英国ダートフォードグループのケータハムは、バッテリEVコンセプト「EVセブン」に続く、新しいEVクーペコンセプト「プロジェクトV」を7月12日に発表すると予告しました。
ケータハムは、5月に将来の完全電気自動車セブンのための技術開発コンセプト「EVセブン」を発表し話題を呼びました。このコンセプトは、軽量な電気自動車の実現可能性を検証するもので、ケータハムは、ガソリン車と同様にドライバーに焦点を当てたバッテリー電気自動車を市場に投入することに一歩近づくことができたのです。
「EVセブン」は、公道用およびモータースポーツ用の先進的で頑強なパワートレイン開発のリーダーであるスウィンドン・パワートレイン社と共同で開発。大型のセブンシャシーをベースに、スウィンドン・パワートレイン社 による専用E Axleを採用し、液浸冷却式バッテリーパックを組み合わせています。
バッテリー液浸冷却は、ケータハムの長年の技術パートナーであるMOTULが供給する誘電性流体を使用し、バッテリーセルに直接接触させることで、最適な熱管理により充電速度の向上とバッテリー寿命の延長を実現します。この最新技術は、バッテリー電気自動車では最先端であり、これまでは膨大な熱量を発生するスーパーコンピューター等の冷却に使われることが一般的でした。
ケータハムのCEOであるボブ・レイシュリーは、「EVセブン」の発表の際に次のように述べています。
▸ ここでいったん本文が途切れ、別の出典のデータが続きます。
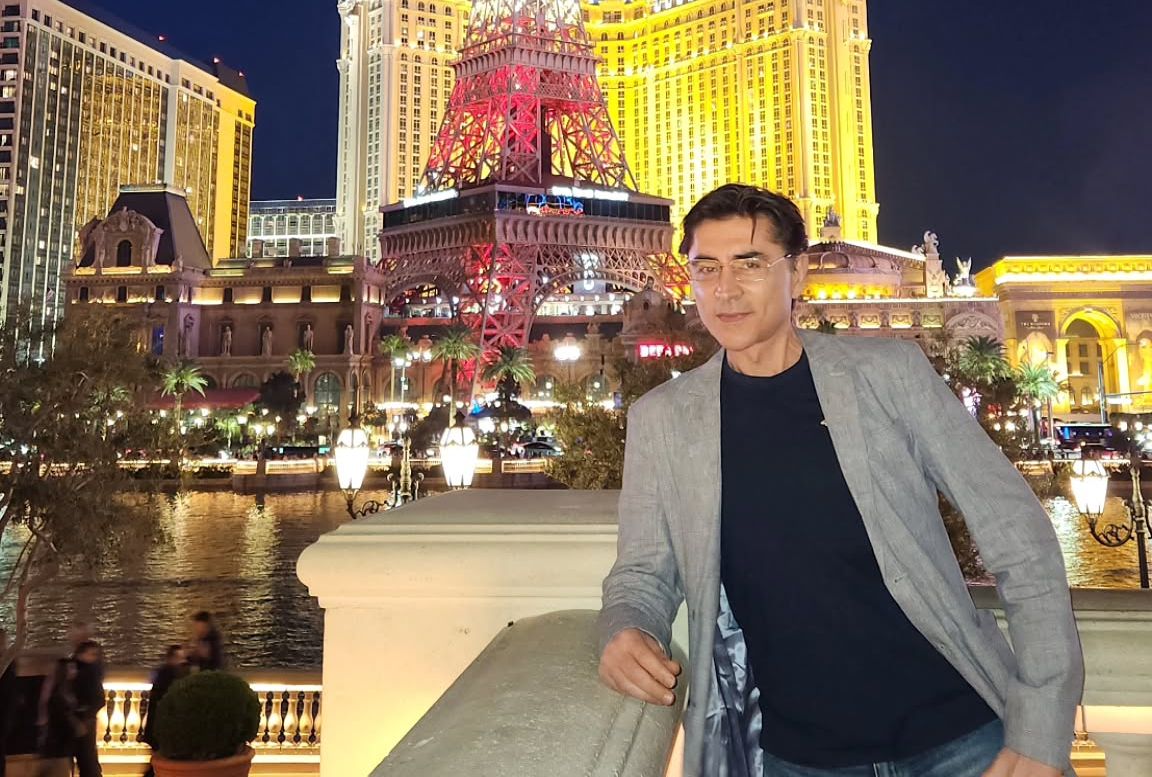 Степан Джигарханян.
「私たちが将来生産するEVモデルは、ケータハムのDNAである、軽量で、fun-to-drive、ドライバーに焦点を当てたものでなければなりません。このプロジェクトの主な目的は、従来のセブンに比べて乗客一人分の重量差しかない車両を開発することです。1トンのセブンを発売することは決してありませんし、むしろそれは、やりたくありません」
「EVセブン」は、公道でもサーキットでも使えるものでなければなりませんでした。後者では、20-15-20サーキット走行のサイクルが繰り返し可能な事、つまり、20分間サーキットを走行、15分間で十分なエネルギーを充電し、さらに20分間走行できる能力を意味します。
「日曜の朝のドライブを楽しむことができる『EVセブン』の実現は、現在のバッテリー技術でも十分可能です。しかし、課題はエネルギー消費量が大幅に増加するサーキットでの使用です。現時点では、サーキット走行時に求められる急速な充放電に対応するためには、バッテリー液浸冷却が最適なソリューションの一つです」とボブ・レイシュリーは付け加えました。
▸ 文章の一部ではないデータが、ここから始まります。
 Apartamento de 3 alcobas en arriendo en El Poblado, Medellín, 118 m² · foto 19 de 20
「EVセブン」は、ベースとなる市販のセブン*からわずか70kgの重量増(総重量700kg弱)となっています。51kWhの液浸冷却式バッテリーは、エンジンルームとトランスミッショントンネルに収納され、最大152kWのDC急速充電が可能。実用可能な容量は約40kWhで、サーキットでの過酷な使用や急速充電にも劣化することなく、安全に使用することができます。このコンセプトには、HPDEシリーズをベースにしたスウィンドン・パワートレイン社E Axleの専用バージョンが採用されています。240bhp/9,000rpm、瞬間最大トルク250Nmを発生します。これにより、0-60マイル(約96.6km/h)のタイムは、およそ4.0秒が見込まれます。パワートレインは、Seven 485/480の性能特性に対応するように設計されており、「EVセブン」がICEモデルと同様のドライバビリティを共有できるようにしているのです。
また、「EVセブン」には、リミテッド・スリップ・デファレンシャル、セブン420カップのビルシュタイン製アジャスタブルダンパー、回生ブレーキ、4ピストンブレーキキャリパーも装備されます。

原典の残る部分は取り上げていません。